Attleboro teen wins Irish music contest in Ireland
ATTLEBORO, Mass. (AP) — A city teenager who plays uilleann pipes, a traditional Irish wind instrument, beat out others from Ireland and around the world to take first place in a music competition in Derry, Northern Ireland, over a recent weekend.
Torrin Ryan, 18, of West Street finished first in the competition held during the All-Ireland Fleadh, an eight-day festival of Irish culture that attracted as many as 20,000 musicians, singers, dancers and other artists for numerous contests and concerts.
In its Aug. 19 edition, The Belfast Telegraph estimated the event drew as many as 300,000 spectators during the week and described it as the “world’s biggest celebration of Irish culture.”
The Irish Times put the number at 430,000, but whatever the figure, the crowds were big.
The Fleadh ended Aug.18.
Torrin couldn’t immediately be reached for comment, but his mom and dad, Matt and Cathy Ryan, are ecstatic and a little stunned by their son’s accomplishment on a stage holding the best uilleann players in the world.
“We are very happy,” Matt Ryan said. “When we heard, we couldn’t believe he had taken the competition.”
Cathy Ryan said it’s amazing that an American won the contest on an instrument that very few in the U.S. take up, or have even heard of.
Torrin, who competed in the 18 and up division, had to beat some very talented Irish players who are exposed to the instrument from an early age, she said.
“I’m just really proud of him,” said his mom. “He’s put in a lot of time and practice to achieve this.”
Torrin, who’s home schooled, had to earn the opportunity to compete in the Fleadh by besting others in preliminary rounds in the United States first, his dad said.
He was one of two selected from the United States for the competition, which included musicians from a number of other nations, Matt Ryan said.
Torrin was expected to return to Attleboro last Wednesday.

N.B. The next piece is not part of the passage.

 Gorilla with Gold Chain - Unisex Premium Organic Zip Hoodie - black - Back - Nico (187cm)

Matt Ryan said his son has worked at mastering the uilleann since he was 7 and now plays regularly at area venues.
In a recent Sun Chronicle story, Torrin said he was enchanted by the sound of the instrument the first time he heard it.

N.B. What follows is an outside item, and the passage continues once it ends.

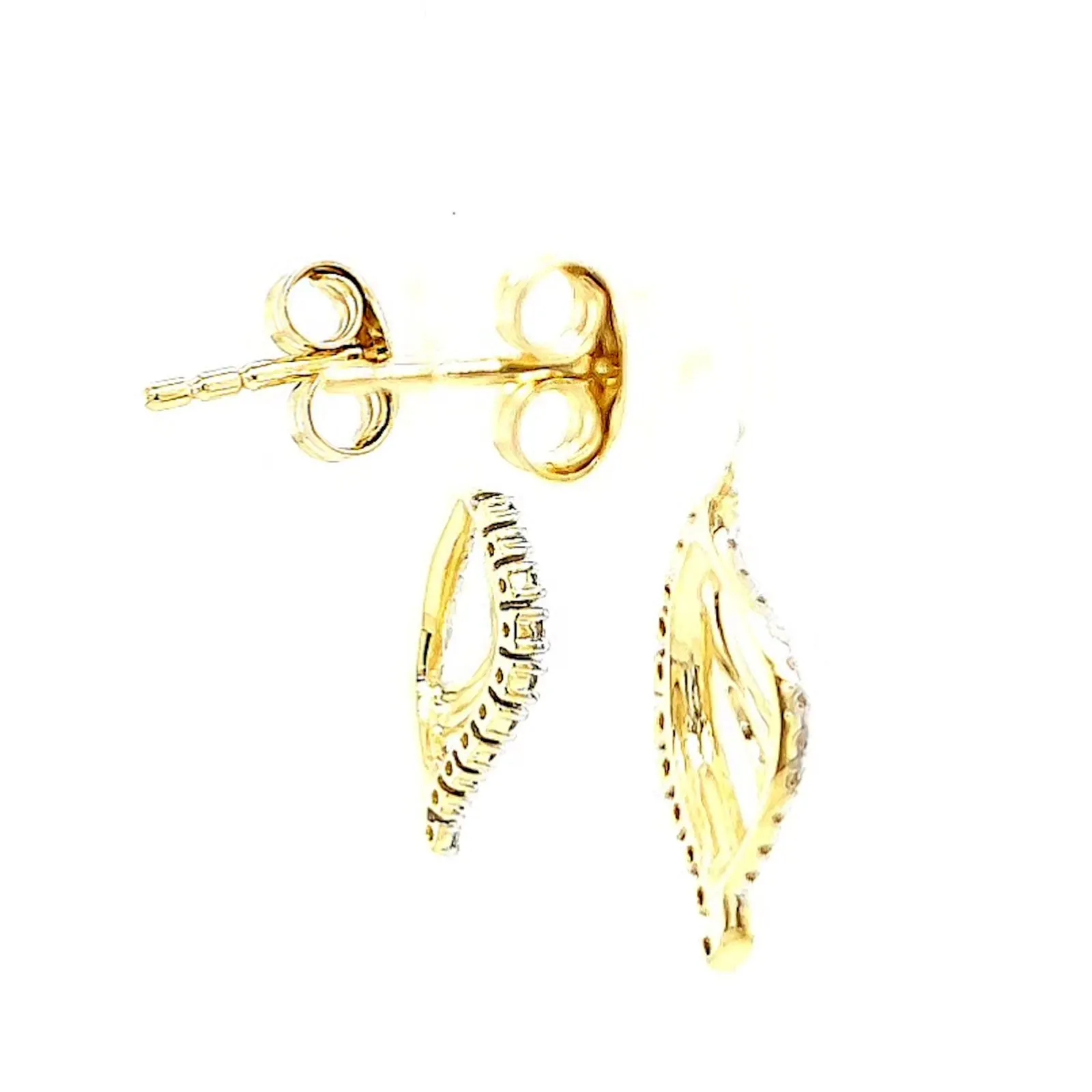 9ct Two Tone Gold with 0.15 Carat tw of Diamonds  Drop Earrings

“It just clicked that that’s what I wanted to play myself,” he said. “It has such a sound that when the entire instrument is going, you can’t not like it.”
While often compared to the more familiar Scottish bagpipes, the uilleann is played by pumping air through a bellows attached to the musician’s elbow.
Traditional Scottish bagpipes create their own haunting sound when the musician blows into the instrument.
Torrin played the uilleann at the Fleadh when he was about 15, and at the time traveled with his mom, his dad said.
He’s on his own on this time, and Matt Ryan couldn’t be prouder.
“This year, he’s by himself and he’s doing a pretty good job,” he said.